* **RECORDS FOR THIS EXERCISE**
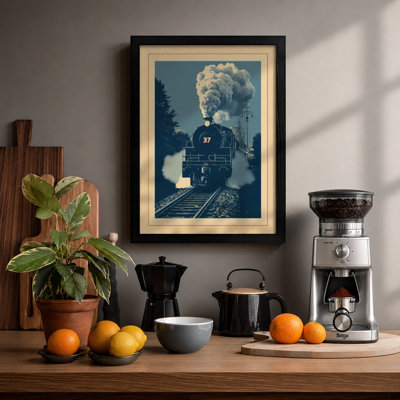 Locomotive Number 37 Vintage - Framed Print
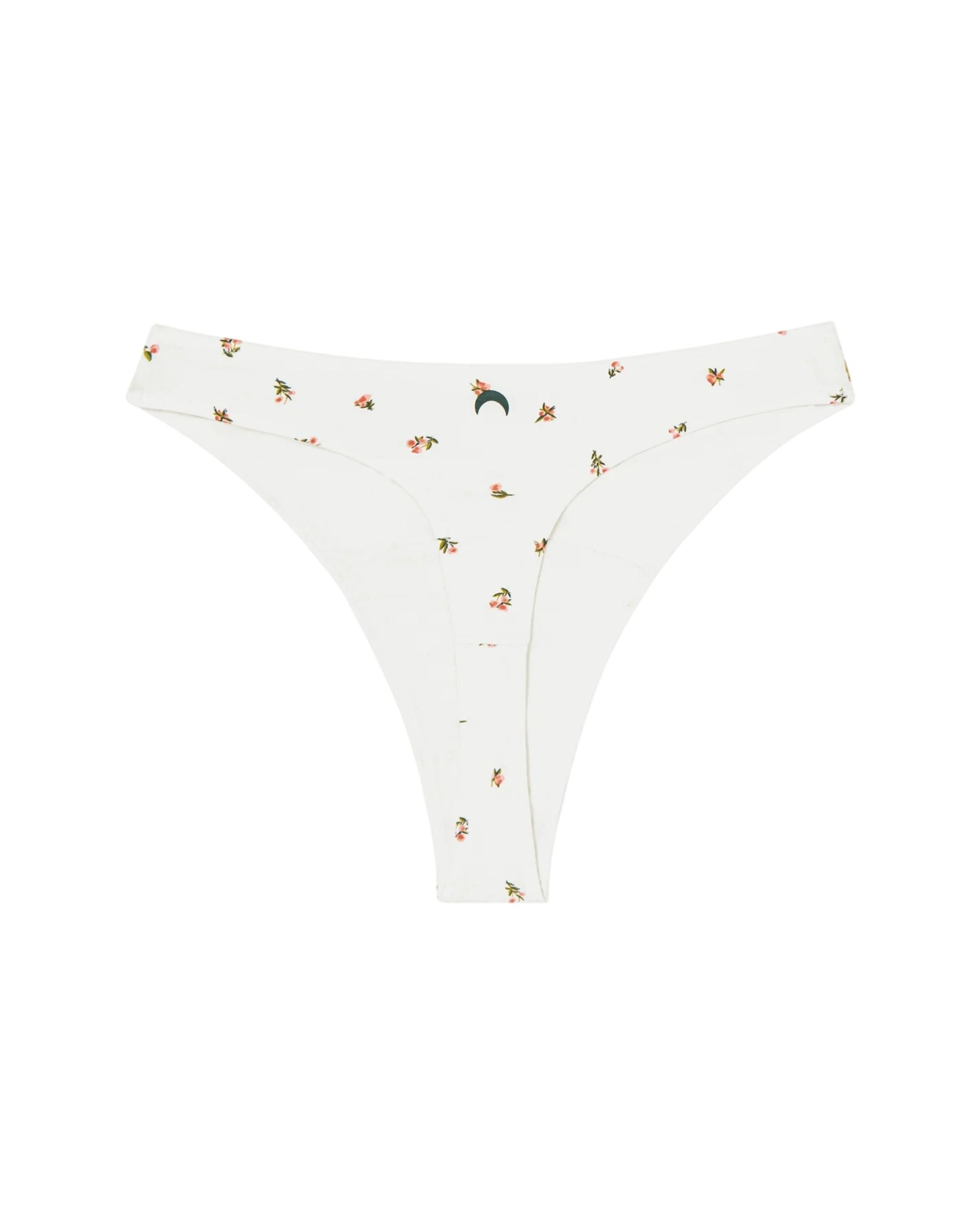 white high rise thong with a floral print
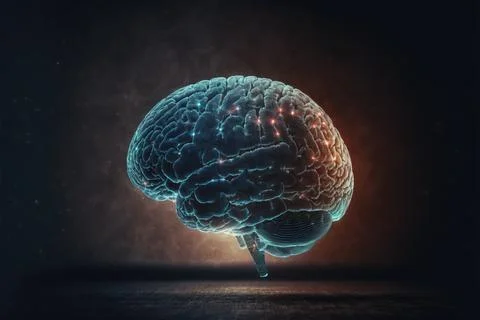 A close-up of a digital brain on dark background Stock Illustration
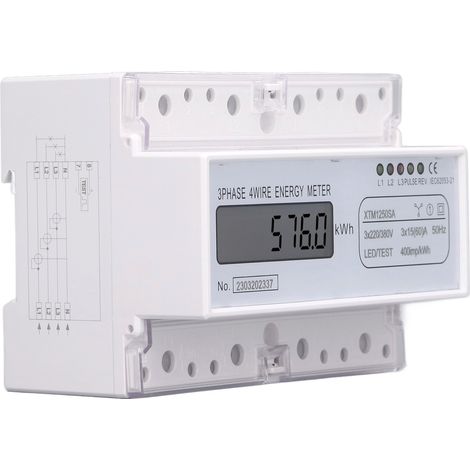 Dreiphasiger 4-Leiter 7P Digital-LCD-Energiezähler, kWh-Wattmeter, Stromverbrauchsanzeige, DIN-Schienenmontage (35 mm) (1/5)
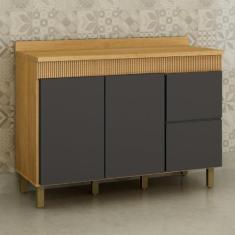 Imagem de Balcão para Cozinha 120cm Dakota Cinamomo/grafite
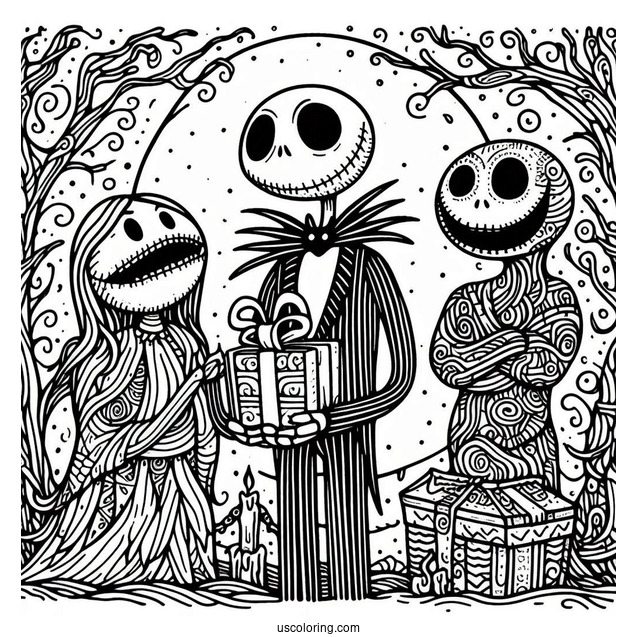 Nightmare Before Christmas Coloring In For Kids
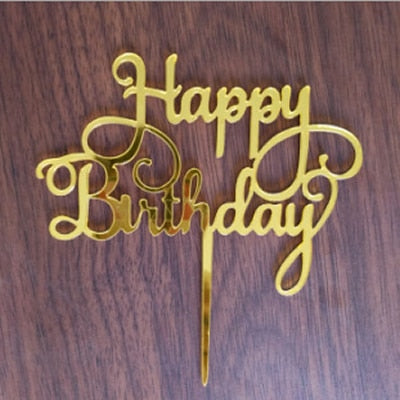 Gold Silver Acrylic Happy Birthday Love Heart Cake Topper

* **EXERCISE AIM**
Quote, word for word and nothing more, every line from the line with "Nightmare Before Christmas" to the end of the entries, including both ends; skip any pictures.

* **TASK RESULT**
 Nightmare Before Christmas Coloring In For Kids
 Gold Silver Acrylic Happy Birthday Love Heart Cake Topper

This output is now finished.